● Problem description:
Transcribe the listing below exactly, leaving out each image.

● Available records:

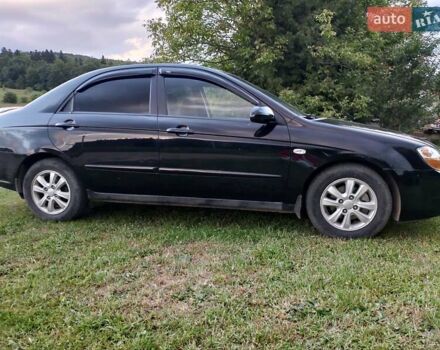 Черный Киа Черато, объемом двигателя 1.59 л и пробегом 237 тыс. км за 3900 $, фото 29 на Automoto.ua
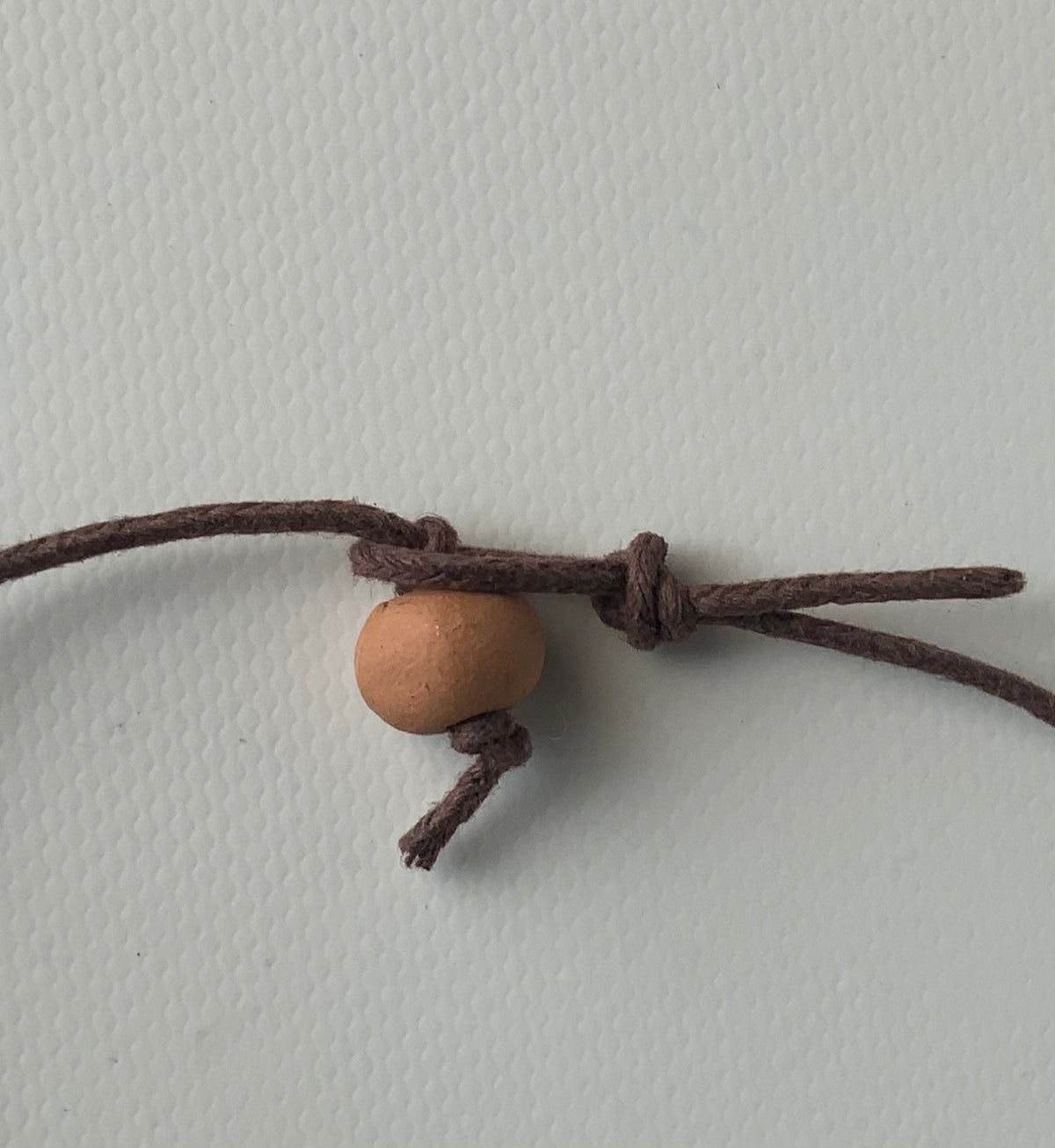 Terracotta necklace with Armenian motifes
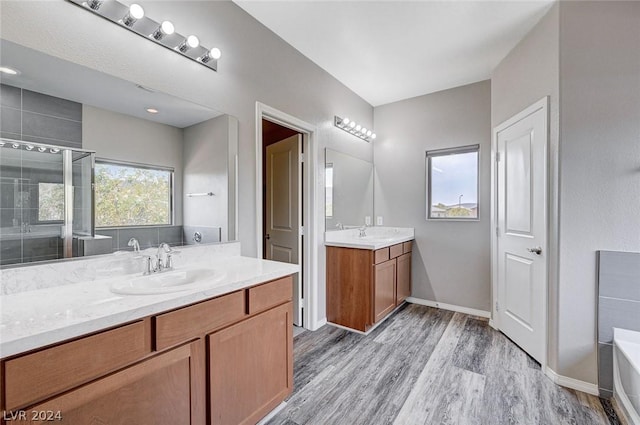 bathroom with vanity, hardwood / wood-style flooring, and plus walk in shower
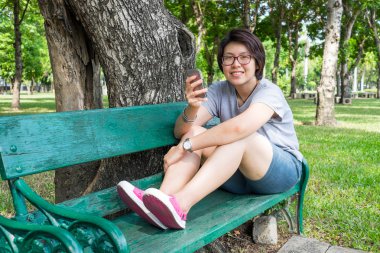 Asyalı kadın Smartphone parkta oynarken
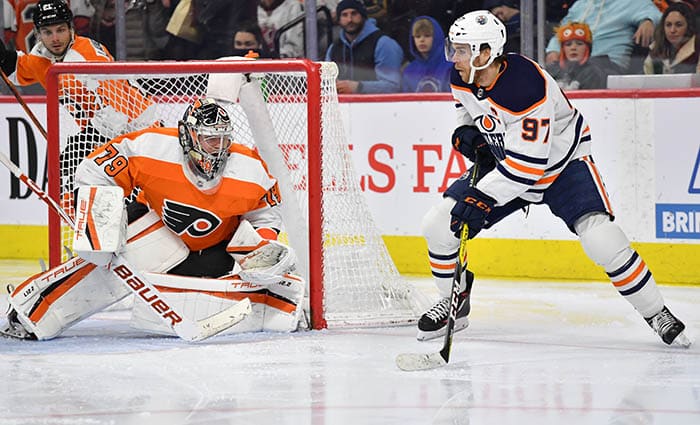 Edmonton Oilers center Connor McDavid (97) looks to make a play against Philadelphia Flyers goaltender Carter Hart (79) during the third period at Wells Fargo Center.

● Answer section:
 Черный Киа Черато, объемом двигателя 1.59 л и пробегом 237 тыс. км за 3900 $, фото 29 на Automoto.ua
 Terracotta necklace with Armenian motifes
 bathroom with vanity, hardwood / wood-style flooring, and plus walk in shower
 Asyalı kadın Smartphone parkta oynarken
 Edmonton Oilers center Connor McDavid (97) looks to make a play against Philadelphia Flyers goaltender Carter Hart (79) during the third period at Wells Fargo Center.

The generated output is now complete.